The savings programme Porsche announced will also have consequences for the manufacturer's employees. Around 1,900 jobs will be cut by 2030 through partial retirement schemes and staff turnover.

Image: Porsche

These figures were given by Andreas Haffner, Member of the Executive Board for Human Resources at Porsche, and Harald Buck, Head of the Works Council, when they informed the workforce at the headquarters in Zuffenhausen and in Development in Weissach about the agreed cost-cutting measures. Porsche currently has around 42,000 employees, 23,650 of whom work in the Stuttgart region. 1,900 jobs thus correspond to around five per cent of the German workforce.

However, Porsche will rely on voluntary departures of employees for the job cuts through staff turnover and partial retirement schemes – the company has a job security programme in place until 2030 that rules out redundancies for operational reasons. It is thus unclear whether Porsche will achieve its goal.

According to media reports, this reduction in the permanent workforce will take place in addition to cuts in the number of temporary employees. 1,500 jobs have already been made redundant. The Taycan, for example, is now only produced in one shift. According to the works council, 500 contracts will not be extended this year.

“The goal is to reduce the number of jobs at Porsche AG with the main sites in Zuffenhausen and Weissach by 15 per cent by 2029,” said a Porsche spokesperson. It is thus clear that only the two sites in the German state of Baden-Württemberg are affected. For example, the Leipzig plant, where the electric Macan is built, is excluded from the plans.

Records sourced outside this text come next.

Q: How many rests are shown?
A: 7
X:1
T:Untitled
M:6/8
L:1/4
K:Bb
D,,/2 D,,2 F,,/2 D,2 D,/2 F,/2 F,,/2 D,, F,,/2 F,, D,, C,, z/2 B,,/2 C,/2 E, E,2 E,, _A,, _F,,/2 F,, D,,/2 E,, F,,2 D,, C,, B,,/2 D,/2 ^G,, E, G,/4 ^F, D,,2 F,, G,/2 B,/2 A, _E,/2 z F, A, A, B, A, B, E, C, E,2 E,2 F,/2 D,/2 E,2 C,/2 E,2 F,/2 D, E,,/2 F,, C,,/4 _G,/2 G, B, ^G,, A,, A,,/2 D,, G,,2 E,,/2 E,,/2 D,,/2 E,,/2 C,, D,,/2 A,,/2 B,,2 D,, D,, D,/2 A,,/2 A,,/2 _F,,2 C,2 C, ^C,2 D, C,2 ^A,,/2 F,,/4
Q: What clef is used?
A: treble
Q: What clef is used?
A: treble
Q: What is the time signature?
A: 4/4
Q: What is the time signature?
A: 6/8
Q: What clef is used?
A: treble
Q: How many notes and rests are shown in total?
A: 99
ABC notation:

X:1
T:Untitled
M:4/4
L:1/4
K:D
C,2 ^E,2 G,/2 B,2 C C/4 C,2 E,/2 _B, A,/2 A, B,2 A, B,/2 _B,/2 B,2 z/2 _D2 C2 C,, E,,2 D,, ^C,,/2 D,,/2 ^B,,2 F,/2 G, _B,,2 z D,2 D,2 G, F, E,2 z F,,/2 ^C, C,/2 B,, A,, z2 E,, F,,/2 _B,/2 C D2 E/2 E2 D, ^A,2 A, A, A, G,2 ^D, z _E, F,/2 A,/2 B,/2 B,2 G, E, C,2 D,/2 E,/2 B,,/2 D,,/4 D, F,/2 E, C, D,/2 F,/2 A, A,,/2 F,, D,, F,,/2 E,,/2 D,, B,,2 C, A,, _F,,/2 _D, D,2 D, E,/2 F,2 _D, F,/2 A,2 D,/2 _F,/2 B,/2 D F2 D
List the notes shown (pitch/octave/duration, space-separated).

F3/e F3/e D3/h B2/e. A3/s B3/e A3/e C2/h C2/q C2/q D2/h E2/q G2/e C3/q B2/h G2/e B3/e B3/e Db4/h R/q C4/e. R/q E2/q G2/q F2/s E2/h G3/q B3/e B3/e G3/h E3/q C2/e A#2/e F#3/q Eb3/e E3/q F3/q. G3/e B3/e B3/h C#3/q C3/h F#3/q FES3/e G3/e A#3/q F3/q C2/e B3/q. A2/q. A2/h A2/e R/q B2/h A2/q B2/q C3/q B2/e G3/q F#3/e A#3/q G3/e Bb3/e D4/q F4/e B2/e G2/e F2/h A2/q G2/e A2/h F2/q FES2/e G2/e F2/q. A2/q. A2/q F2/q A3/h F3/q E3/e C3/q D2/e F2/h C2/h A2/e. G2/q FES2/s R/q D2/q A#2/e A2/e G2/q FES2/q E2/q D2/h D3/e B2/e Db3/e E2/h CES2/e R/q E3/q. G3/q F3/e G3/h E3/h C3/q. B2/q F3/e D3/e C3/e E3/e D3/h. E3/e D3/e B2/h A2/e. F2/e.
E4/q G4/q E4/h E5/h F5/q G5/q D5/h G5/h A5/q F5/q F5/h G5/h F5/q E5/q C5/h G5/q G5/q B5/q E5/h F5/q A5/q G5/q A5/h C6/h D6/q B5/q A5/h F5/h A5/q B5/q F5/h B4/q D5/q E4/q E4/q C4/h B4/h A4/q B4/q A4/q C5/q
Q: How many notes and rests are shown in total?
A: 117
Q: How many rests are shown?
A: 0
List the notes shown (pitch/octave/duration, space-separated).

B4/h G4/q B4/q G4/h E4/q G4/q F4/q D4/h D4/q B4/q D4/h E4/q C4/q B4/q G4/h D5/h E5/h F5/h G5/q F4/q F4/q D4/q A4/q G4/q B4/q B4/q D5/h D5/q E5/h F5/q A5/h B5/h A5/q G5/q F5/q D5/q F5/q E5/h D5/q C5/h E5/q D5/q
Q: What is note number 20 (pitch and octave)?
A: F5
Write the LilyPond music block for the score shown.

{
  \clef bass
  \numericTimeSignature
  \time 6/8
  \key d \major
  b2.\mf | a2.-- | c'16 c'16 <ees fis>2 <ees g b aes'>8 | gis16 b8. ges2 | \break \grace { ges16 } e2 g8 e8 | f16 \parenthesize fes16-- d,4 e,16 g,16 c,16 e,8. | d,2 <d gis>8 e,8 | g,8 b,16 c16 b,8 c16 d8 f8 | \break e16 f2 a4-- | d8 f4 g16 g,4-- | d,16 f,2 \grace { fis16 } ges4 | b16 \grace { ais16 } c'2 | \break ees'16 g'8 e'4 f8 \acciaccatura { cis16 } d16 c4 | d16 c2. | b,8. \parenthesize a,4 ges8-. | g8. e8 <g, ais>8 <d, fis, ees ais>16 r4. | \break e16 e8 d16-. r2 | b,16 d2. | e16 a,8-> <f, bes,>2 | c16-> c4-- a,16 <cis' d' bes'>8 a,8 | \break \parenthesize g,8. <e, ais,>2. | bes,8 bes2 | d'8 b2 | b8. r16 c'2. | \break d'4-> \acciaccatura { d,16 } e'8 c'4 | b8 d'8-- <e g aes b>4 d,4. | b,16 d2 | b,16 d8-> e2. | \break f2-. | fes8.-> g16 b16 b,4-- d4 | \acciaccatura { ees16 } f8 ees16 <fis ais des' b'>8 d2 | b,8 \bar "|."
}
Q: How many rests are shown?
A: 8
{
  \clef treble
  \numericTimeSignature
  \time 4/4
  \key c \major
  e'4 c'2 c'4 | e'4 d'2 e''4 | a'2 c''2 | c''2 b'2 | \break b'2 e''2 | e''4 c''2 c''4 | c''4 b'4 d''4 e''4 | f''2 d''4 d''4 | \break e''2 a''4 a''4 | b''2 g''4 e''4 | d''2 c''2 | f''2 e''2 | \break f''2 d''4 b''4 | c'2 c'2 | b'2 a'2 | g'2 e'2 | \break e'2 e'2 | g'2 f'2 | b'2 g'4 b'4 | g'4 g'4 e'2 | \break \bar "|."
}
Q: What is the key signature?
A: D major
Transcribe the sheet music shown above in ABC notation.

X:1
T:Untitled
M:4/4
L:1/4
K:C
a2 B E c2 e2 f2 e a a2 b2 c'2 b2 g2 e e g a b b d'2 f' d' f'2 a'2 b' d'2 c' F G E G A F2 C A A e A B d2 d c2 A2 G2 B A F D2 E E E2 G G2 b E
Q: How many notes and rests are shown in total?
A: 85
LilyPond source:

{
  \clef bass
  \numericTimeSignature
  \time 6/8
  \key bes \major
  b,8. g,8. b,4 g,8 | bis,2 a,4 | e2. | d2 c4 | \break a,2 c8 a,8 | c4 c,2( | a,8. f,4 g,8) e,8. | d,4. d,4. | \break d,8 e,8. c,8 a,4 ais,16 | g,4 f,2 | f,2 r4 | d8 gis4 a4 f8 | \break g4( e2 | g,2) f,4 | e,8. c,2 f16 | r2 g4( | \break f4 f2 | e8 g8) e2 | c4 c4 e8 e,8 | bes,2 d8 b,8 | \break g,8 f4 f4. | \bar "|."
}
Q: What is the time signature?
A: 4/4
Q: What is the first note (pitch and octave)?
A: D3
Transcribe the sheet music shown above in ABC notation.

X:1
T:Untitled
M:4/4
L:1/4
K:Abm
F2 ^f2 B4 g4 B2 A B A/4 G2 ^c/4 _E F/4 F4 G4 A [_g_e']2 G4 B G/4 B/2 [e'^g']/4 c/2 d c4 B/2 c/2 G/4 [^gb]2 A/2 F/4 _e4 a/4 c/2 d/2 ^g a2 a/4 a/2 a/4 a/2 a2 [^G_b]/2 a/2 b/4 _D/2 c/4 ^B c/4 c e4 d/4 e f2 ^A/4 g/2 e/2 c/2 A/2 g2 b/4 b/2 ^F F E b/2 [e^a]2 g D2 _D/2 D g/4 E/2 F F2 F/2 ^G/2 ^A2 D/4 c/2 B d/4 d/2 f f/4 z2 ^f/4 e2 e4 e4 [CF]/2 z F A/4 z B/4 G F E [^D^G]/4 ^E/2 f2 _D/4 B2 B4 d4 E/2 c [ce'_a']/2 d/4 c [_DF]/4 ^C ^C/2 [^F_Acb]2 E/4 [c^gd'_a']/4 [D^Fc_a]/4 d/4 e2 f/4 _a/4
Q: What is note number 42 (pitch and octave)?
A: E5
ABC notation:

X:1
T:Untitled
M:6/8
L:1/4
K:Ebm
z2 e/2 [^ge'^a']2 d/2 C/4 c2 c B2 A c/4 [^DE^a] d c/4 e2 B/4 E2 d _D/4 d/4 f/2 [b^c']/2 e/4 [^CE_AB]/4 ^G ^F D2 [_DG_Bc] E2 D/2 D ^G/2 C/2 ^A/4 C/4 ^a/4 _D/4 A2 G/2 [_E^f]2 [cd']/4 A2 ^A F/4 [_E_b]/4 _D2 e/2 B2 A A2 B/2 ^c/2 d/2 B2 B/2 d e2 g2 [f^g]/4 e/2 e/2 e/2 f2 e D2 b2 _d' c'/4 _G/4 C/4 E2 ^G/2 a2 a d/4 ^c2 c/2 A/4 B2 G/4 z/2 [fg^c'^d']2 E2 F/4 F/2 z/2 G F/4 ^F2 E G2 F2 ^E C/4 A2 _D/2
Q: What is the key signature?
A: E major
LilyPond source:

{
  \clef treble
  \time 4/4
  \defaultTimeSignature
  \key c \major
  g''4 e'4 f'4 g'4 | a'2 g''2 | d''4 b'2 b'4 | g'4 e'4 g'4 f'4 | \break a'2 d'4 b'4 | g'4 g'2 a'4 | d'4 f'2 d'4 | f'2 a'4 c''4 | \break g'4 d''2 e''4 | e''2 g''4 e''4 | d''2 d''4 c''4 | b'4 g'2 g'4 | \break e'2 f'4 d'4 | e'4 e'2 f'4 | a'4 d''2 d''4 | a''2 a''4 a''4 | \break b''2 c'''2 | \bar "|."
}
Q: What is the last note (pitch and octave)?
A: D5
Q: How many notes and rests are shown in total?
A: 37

It was a turbulent February for Porsche, not just because of the cost-cutting programme. At the beginning of the month, Porsche announced its intention to part ways with two members of the Executive Board – Chief Sales Officer Detlev von Platen and Chief Financial Officer Lutz Meschke, who is also Deputy Chairman of the Executive Board. Porsche did not officially provide any background information. The most likely reason for the departure of von Platen is weak sales in China. At the same time, Meschke could be blamed for weak financial performance (due to the lack of income from China) – the German carmaker will not achieve its medium-term return target of 20 per cent in the foreseeable future. As Meschke was also rumoured to have ambitions for the CEO position at Porsche, a power struggle could also be the reason for his intended sacking – but this has not been confirmed.

Shortly after the turmoil surrounding the Executive Board, Porsche also announced that it intends to stick with the combustion engine and hybrids for longer – contrary to earlier plans. The company thus expects additional expenditure of 800 million euros for 2024 alone, as previously unplanned models with petrol engines or plug-in hybrids will have to be developed.